There are three reasons to make your product better:— Kjetil Holmefjord (@kjetil1) November 18, 2019
1) reduce churn
2) increase conversion and/or market
3) increase revenue of existing base
I tweeted this a few days ago, and one of the responses I got was that I was stating the obvious. Most reasonable things are, but that doesn’t mean they shouldn’t be communicated repeatedly and clearly.
Increasingly, I’m learning how important it is for founders to communicate clearly (see another argument for this here). Clear communication is necessary to convince investors, employees and customers to join, and it is also very important for building the best possible product.

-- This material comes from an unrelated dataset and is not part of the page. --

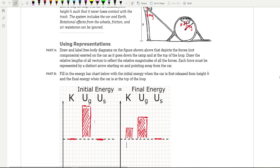I always fill out the charts so that every bar has something written on it. Even though there was no spring potential energy, I went ahead and put something there. Even though there was no kinetic energy, I drew a flat line to show there's nothing there. That's a good way to show the graders that you know there's no energy involved. So go ahead and do that — it would be good practice.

My tweet was directed at the latter; how to build the best possible product. At any given point of time, you’ll have to prioritize how to further develop your product; what features to build, what bugs to fix. This quickly turn into a question of why “job A” should be prioritized before “job B”.

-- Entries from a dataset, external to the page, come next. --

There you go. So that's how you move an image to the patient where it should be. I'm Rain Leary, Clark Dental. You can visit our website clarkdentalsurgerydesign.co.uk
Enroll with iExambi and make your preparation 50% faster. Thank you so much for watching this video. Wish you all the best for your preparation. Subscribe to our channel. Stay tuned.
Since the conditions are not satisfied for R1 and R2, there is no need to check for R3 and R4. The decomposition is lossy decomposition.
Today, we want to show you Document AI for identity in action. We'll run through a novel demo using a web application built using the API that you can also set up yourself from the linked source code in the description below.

The decision is much easier to make if you clearly state the different reasons to build something, as per the tweet. Generally, I would argue you should prioritize jobs reducing the probability that customers churn (obviously only to a certain point). Second, I would prioritize jobs makeing your product attractive to more customers, and third jobs that increase the revenue per customer. All exceptions apply of course, but this would be the rule to break.
With clear communication around what each job entails and why it should be prioritized, the probability of building a great product increase. And with it the chances of succeeding.